ここ3年ばかり東海七福神ということで、品川神社を初めとして旧東海道筋を巡ってきた。一度は羽田の穴守稲荷を中心とする七稲荷+弁天神社巡りと東海七福神巡りを連続して御参りして歩いたが、偶には別なところをということで、色々検討した結果、今年は池上七福神を御参りすることに決めた。

1月3日(日曜日)取り敢えず出かけたが、何をぼけていたのか池上駅を降りる段になってカメラを鞄に入れてないことに気付いた。カメラがなければ、文書を書いても絵にならないということで、引き返すことも考えたが、携帯電話のカメラがあるのを思い出してそれを使ってみることにした。
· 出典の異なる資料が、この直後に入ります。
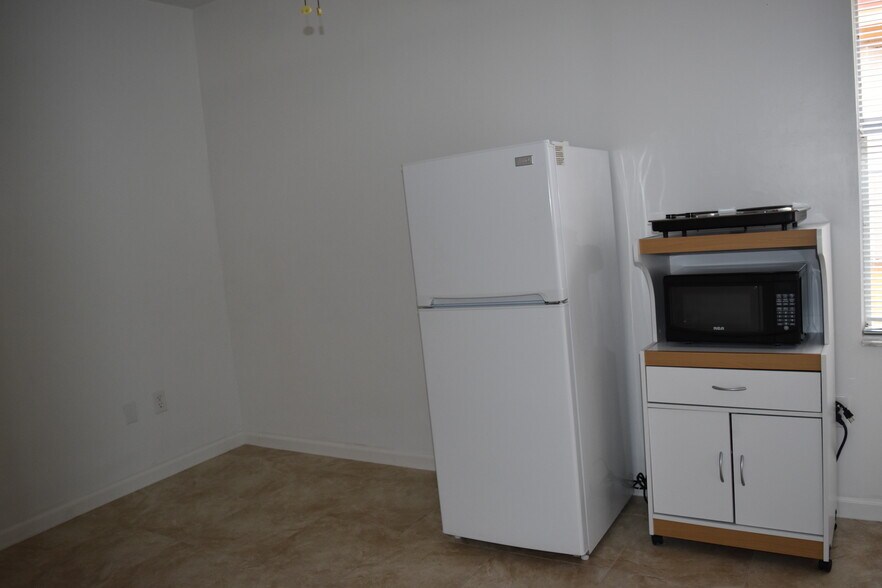 Building Photo - 14741 SW 170th Ter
池上駅を出てさてどっちに行くのかということになったが、暫く迷ってウロウロした結果、池上駅の先で電車の線路を渡り徳持小学校のバス停の前を過ぎ暫く行った右手に布袋尊(福徳、円満、忍耐を授ける弥勒菩薩の化身神)を祀る曹禅寺が見えた。

曹禅寺は曹洞宗大乗山の寺で、境内には昭和九年(1934年)の室戸台風によって流出した、『京都三条大橋の欄干』が巡り巡って境内に鎮座ましましているとなっているが、何でそんな物があるのか。古来よりこの地区に曹洞宗の寺院が無かったため村上大憲氏が曹洞宗の新寺建立を発願し、昭和七年(1932)矢口町に教会を開設。昭和十四年(1939)東京都が新寺建立を承認しなかったので、牛込白銀町にあった盛高院の寺号を移し、この地に堂宇を建立。後に寺号を改め、曹禅寺と称し現在に至る。また昭和五十六年(1981)に池上七福神に定められた布袋尊を奉っている。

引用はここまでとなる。